> _Exercise brief_
Going through the material below, output exactly the lines from the one containing "using NetApp API" through the one containing "裁切自由，时光倒流：索尼A7M5治好拍鸟焦虑", and no pictures.
---- Data supplied
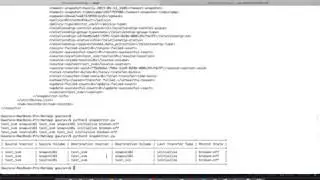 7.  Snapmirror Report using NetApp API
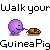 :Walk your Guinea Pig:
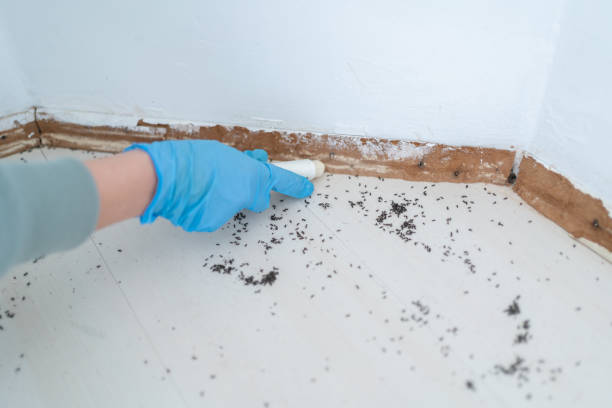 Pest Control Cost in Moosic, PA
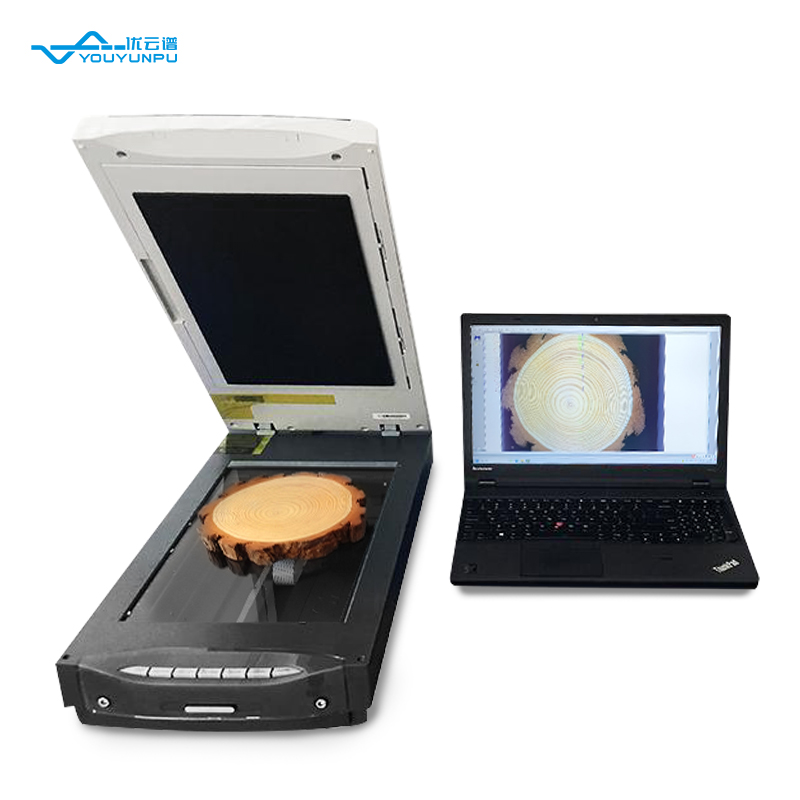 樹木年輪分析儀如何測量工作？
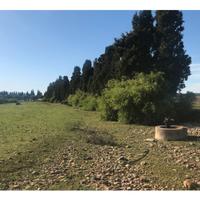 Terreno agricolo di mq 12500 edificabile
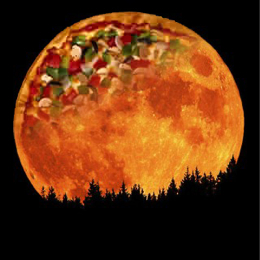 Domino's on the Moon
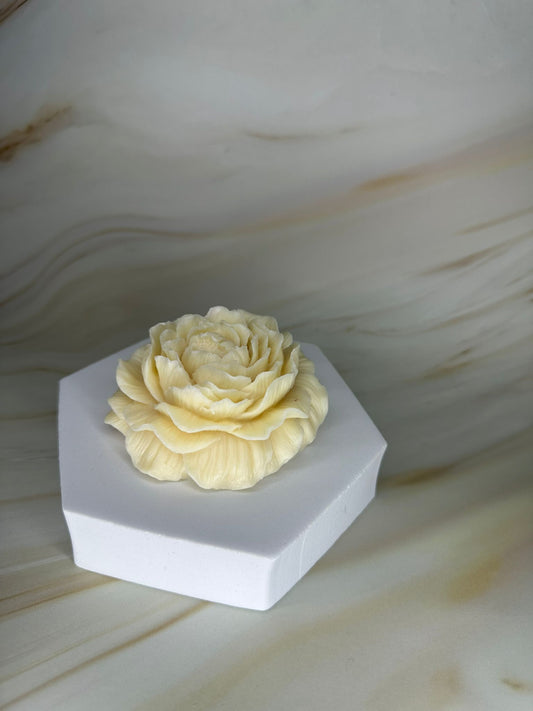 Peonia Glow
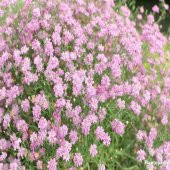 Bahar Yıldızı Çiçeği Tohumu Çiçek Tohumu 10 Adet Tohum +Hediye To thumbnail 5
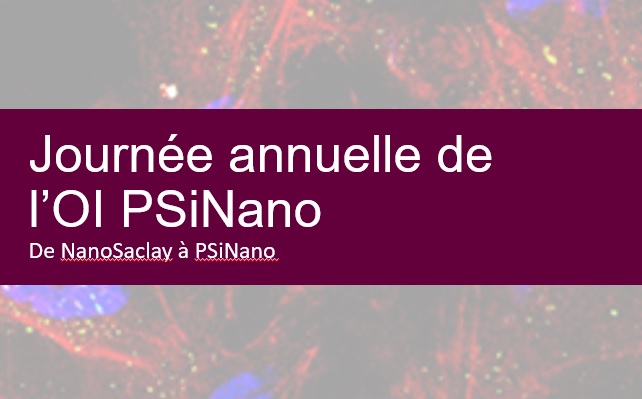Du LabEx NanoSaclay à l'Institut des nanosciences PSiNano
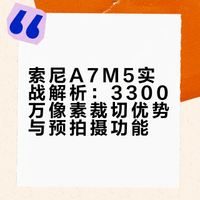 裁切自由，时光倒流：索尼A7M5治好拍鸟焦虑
--------
---- Data supplied
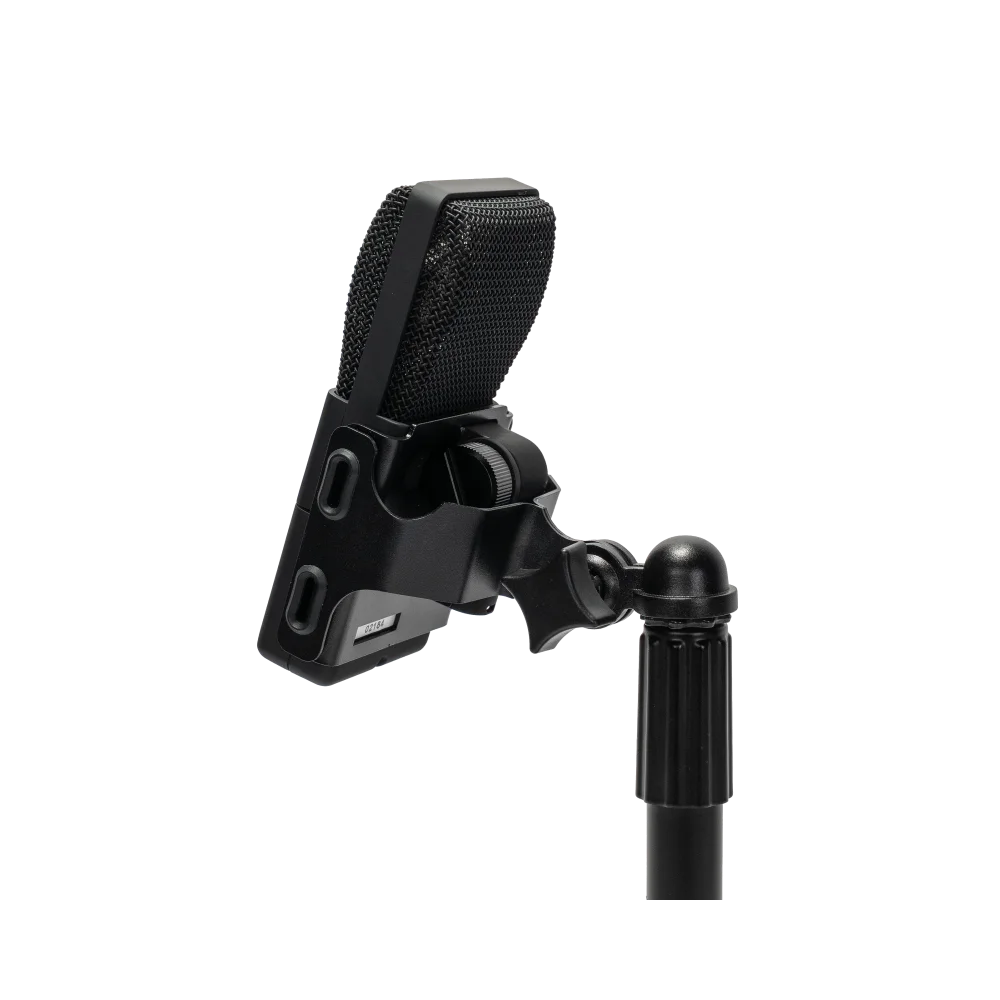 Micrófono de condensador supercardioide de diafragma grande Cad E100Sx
--------
> _Expected answer_
 7.  Snapmirror Report using NetApp API
 :Walk your Guinea Pig:
 Pest Control Cost in Moosic, PA
 樹木年輪分析儀如何測量工作？
 Terreno agricolo di mq 12500 edificabile
 Domino's on the Moon
 Peonia Glow
 Bahar Yıldızı Çiçeği Tohumu Çiçek Tohumu 10 Adet Tohum +Hediye To thumbnail 5
Du LabEx NanoSaclay à l'Institut des nanosciences PSiNano
 裁切自由，时光倒流：索尼A7M5治好拍鸟焦虑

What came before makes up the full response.